I would like that the user’s browser sends chunks of audio data of a configurable duration (for ex. 5 seconds each – later I would like that each chunks overlaps each other based of a configurable duration, for ex. 2 seconds). The idea is that both servers (app and ai) never holds in memory the entirety of the audio + speed up inference by sending smaller audio files.

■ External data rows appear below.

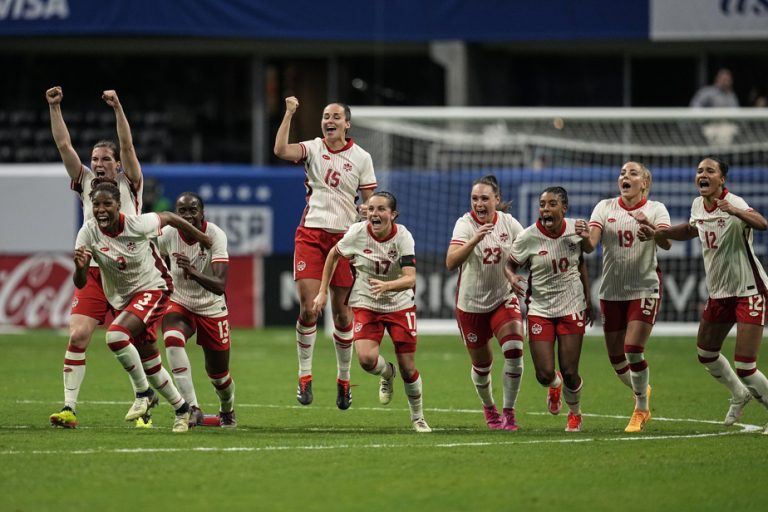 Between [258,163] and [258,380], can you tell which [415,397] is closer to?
[258,380]

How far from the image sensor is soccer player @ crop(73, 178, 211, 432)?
1171 cm

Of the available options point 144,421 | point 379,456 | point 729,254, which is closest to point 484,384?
point 729,254

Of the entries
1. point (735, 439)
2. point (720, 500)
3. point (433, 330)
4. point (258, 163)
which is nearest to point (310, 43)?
point (258, 163)

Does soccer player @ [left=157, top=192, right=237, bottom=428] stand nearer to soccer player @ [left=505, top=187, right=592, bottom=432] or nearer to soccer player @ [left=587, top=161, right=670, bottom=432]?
soccer player @ [left=505, top=187, right=592, bottom=432]

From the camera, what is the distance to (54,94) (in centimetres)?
1238

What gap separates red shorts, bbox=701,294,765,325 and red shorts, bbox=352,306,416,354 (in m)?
2.64

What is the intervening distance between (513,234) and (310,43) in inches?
745

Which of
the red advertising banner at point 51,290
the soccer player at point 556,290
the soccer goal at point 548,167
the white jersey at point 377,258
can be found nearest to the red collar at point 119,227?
the white jersey at point 377,258

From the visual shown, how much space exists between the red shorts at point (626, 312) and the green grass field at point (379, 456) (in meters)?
0.93

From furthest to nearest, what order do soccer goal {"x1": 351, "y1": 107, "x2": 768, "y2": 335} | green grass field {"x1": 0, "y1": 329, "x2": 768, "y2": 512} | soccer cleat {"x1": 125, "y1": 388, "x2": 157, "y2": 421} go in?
1. soccer goal {"x1": 351, "y1": 107, "x2": 768, "y2": 335}
2. soccer cleat {"x1": 125, "y1": 388, "x2": 157, "y2": 421}
3. green grass field {"x1": 0, "y1": 329, "x2": 768, "y2": 512}

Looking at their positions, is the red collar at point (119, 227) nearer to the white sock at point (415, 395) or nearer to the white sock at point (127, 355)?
the white sock at point (127, 355)

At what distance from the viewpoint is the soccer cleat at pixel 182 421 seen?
11.9m

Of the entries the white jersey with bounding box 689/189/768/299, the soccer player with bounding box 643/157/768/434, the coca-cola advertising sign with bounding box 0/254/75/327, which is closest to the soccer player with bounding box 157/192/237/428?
the soccer player with bounding box 643/157/768/434

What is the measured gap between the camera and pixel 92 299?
41.1 feet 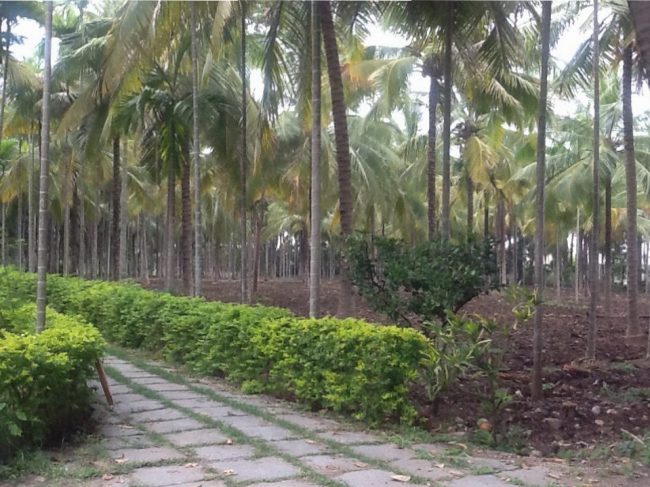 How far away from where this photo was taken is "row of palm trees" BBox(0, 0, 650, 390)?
405 inches

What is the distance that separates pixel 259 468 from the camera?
4.89 meters

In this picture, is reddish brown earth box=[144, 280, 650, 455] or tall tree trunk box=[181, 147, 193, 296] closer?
reddish brown earth box=[144, 280, 650, 455]

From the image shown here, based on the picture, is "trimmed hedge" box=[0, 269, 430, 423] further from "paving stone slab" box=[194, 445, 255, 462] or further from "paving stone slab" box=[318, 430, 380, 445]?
"paving stone slab" box=[194, 445, 255, 462]

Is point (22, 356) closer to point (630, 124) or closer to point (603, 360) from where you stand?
point (603, 360)

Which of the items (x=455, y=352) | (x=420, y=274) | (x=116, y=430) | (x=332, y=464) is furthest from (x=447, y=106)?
(x=116, y=430)

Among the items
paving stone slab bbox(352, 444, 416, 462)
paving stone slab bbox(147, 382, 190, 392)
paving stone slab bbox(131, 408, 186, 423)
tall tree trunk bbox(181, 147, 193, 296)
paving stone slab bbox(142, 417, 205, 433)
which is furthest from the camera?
tall tree trunk bbox(181, 147, 193, 296)

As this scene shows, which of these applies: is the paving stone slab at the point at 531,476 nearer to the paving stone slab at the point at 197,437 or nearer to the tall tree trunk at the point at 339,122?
the paving stone slab at the point at 197,437

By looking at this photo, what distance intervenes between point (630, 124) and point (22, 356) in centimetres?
1109

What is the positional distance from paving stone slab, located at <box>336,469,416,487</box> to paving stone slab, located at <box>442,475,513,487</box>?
309mm

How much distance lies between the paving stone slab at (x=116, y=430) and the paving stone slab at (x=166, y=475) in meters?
0.99

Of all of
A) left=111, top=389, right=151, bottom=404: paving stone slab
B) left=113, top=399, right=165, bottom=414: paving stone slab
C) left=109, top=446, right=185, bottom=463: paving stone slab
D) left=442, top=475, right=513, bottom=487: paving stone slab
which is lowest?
left=442, top=475, right=513, bottom=487: paving stone slab

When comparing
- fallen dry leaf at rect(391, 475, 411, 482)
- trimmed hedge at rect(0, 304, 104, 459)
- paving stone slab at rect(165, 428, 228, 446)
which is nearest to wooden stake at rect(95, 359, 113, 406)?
trimmed hedge at rect(0, 304, 104, 459)

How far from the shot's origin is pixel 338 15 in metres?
11.1

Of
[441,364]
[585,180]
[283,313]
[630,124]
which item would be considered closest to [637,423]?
[441,364] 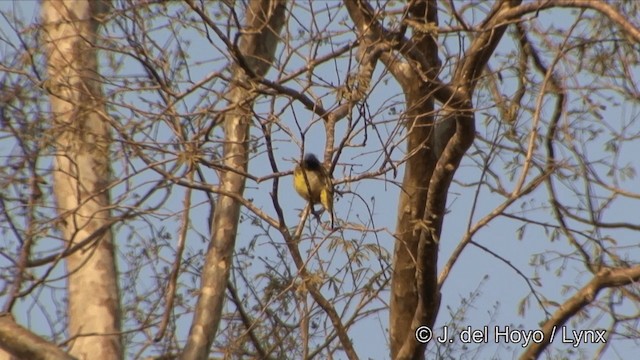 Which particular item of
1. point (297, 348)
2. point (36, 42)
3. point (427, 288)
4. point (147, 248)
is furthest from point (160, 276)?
point (427, 288)

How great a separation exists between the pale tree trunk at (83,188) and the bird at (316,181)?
1025 millimetres

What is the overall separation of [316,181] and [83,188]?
147cm

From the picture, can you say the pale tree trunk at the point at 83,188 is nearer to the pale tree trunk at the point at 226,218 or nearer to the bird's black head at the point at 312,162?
the pale tree trunk at the point at 226,218

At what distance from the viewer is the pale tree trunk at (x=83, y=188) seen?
5.31 m

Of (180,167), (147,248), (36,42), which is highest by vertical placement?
(36,42)

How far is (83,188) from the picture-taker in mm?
5613

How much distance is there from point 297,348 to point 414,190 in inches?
73.2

I know that there are some examples of Phoenix Liveview with Bumblebee (see this one), however:
- I’m not using Bumblebee
- Those examples send the entirety of the data to the AI model
I’ve tried the following in my microphone.js
hook:
const SAMPLING_RATE = 16_000;
const CHUNK_DURATION_IN_MS = 5_000;
const CHUNK_OVERLAP_DURATION_IN_MS = 2_000;
const MIME_TYPE = "audio/ogg;codecs=opus";
const MicrophoneV2 = {
mounted() {
this.mediaRecorder = null;
this.recording = false;
this.el.addEventListener("click", () => {
if (this.isRecording()) {
this.stopRecording();
} else {
this.startRecording();
}
});
},
startRecording() {
this.audioChunks = [];
navigator.mediaDevices.getUserMedia({ audio: true }).then((stream) => {
this.mediaRecorder = new MediaRecorder(stream, { mimeType: MIME_TYPE });
this.mediaRecorder.addEventListener("dataavailable", (event) => {
if (event.data.size > 0) {
this.audioChunks.push(event.data);
this.processChunks();
}
});
this.mediaRecorder.start(CHUNK_DURATION_IN_MS);
this.updateInterval = setInterval(() => {
this.mediaRecorder.requestData();
}, CHUNK_DURATION_IN_MS);
});
},
stopRecording() {
this.mediaRecorder.addEventListener("stop", () => {
this.processChunks();
});
this.mediaRecorder.stop();
clearInterval(this.updateInterval);
},
processChunks() {
if (this.audioChunks.length < 1) return;
const audioBlob = new Blob(this.audioChunks, { type: MIME_TYPE });
audioBlob
.arrayBuffer()
.then((buffer) => {
const context = new AudioContext({ sampleRate: SAMPLING_RATE });
context.decodeAudioData(buffer, (audioBuffer) => {
const pcmBuffer = this.audioBufferToPcm(audioBuffer);
const buffer = this.convertEndianness32(
pcmBuffer,
this.getEndianness(),
this.el.dataset.endianness
);
this.upload("audio", [new Blob([buffer])]);
});
})
.then(() => {
this.audioChunks = [];
})
.catch((error) => {
console.error("Error decoding audio data", error);
});
},
isRecording() {
return this.mediaRecorder && this.mediaRecorder.state === "recording";
},
audioBufferToPcm(audioBuffer) {
const numChannels = audioBuffer.numberOfChannels;
const length = audioBuffer.length;
const size = Float32Array.BYTES_PER_ELEMENT * length;
const buffer = new ArrayBuffer(size);
const pcmArray = new Float32Array(buffer);
const channelDataBuffers = Array.from(
{ length: numChannels },
(x, channel) => audioBuffer.getChannelData(channel)
);
// Average all channels upfront, so the PCM is always mono
for (let i = 0; i < pcmArray.length; i++) {
let sum = 0;
for (let channel = 0; channel < numChannels; channel++) {
sum += channelDataBuffers[channel][i];
}
pcmArray[i] = sum / numChannels;
}
return buffer;
},
convertEndianness32(buffer, from, to) {
if (from === to) return buffer;
// If the endianness differs, we swap bytes accordingly
for (let i = 0; i < buffer.byteLength / 4; i++) {
const b1 = buffer[i];
const b2 = buffer[i + 1];
const b3 = buffer[i + 2];
const b4 = buffer[i + 3];
buffer[i] = b4;
buffer[i + 1] = b3;
buffer[i + 2] = b2;
buffer[i + 3] = b1;
}
return buffer;
},
getEndianness() {
const buffer = new ArrayBuffer(2);
const int16Array = new Uint16Array(buffer);
const int8Array = new Uint8Array(buffer);
int16Array[0] = 1;
if (int8Array[0] === 1) {
return "little";
} else {
return "big";
}
},
};
export { MicrophoneV2 };
The problem is in the processChunks
method, when I empty the audioChunks like so:
this.audioChunks = [];
The audioContext.decodeAudioData
doesn’t work on partial content (seen here); it only works with the entirety of the audio:
Uncaught (in promise) DOMException: The buffer passed to decodeAudioData contains invalid content which cannot be decoded successfully.
I’ve attempted this but to no avail and I would like to avoid complicated binary handling.
How to send a bunch of audio chunks from the browser to the Phoenix server?